**Exercise brief:**
The material below holds pictures, which are to be left out; copy exactly the lines from the one with "This is how" through the one with "Hello all. Welcome".

Material for this task: Begin

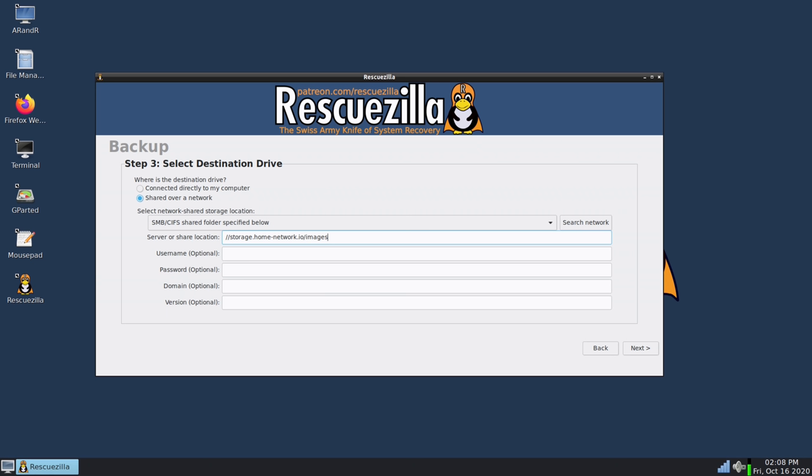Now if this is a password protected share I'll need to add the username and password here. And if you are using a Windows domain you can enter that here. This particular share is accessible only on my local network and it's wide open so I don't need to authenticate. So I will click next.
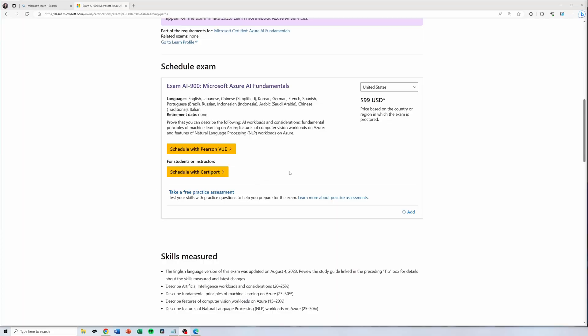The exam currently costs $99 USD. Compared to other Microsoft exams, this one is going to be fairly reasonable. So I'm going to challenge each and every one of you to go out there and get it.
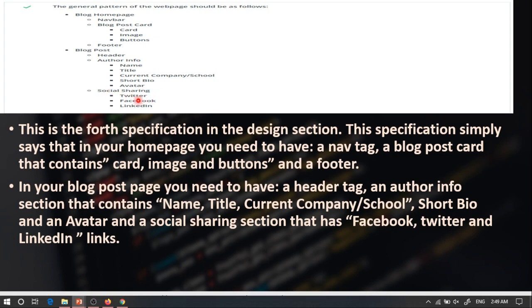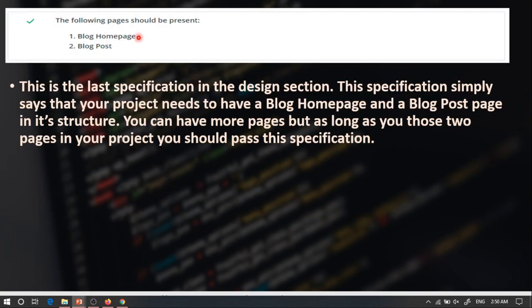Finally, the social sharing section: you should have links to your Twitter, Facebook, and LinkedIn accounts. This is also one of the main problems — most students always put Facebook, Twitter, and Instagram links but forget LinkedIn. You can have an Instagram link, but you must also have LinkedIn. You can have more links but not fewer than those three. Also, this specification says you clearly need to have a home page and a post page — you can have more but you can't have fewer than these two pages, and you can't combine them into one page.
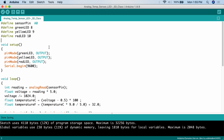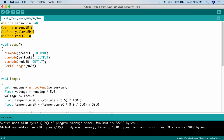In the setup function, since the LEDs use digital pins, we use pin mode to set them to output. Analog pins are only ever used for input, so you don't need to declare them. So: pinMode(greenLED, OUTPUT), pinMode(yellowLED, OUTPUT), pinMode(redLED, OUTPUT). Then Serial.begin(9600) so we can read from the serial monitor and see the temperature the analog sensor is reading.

Material for this task: End
Material for this task: Begin

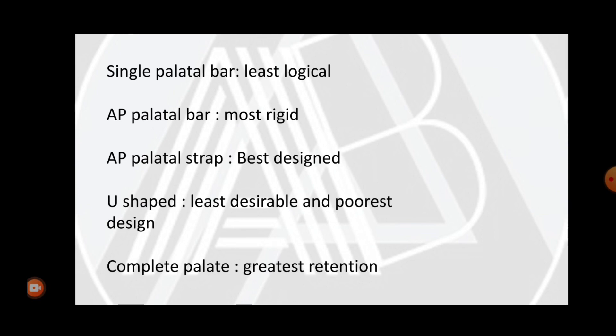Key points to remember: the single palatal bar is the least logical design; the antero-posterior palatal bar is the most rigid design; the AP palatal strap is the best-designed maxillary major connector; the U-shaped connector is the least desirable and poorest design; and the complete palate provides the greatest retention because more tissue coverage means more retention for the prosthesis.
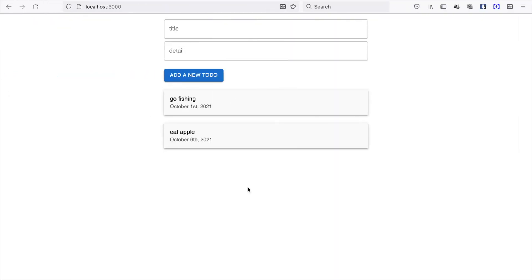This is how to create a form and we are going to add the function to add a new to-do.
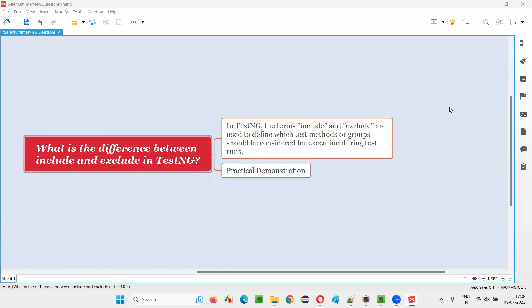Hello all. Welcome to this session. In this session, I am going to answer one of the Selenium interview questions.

Material for this task: End

**Reply:**
This is how to create a form and we are going to add the function to add a new to-do.
Hello all. Welcome to this session. In this session, I am going to answer one of the Selenium interview questions.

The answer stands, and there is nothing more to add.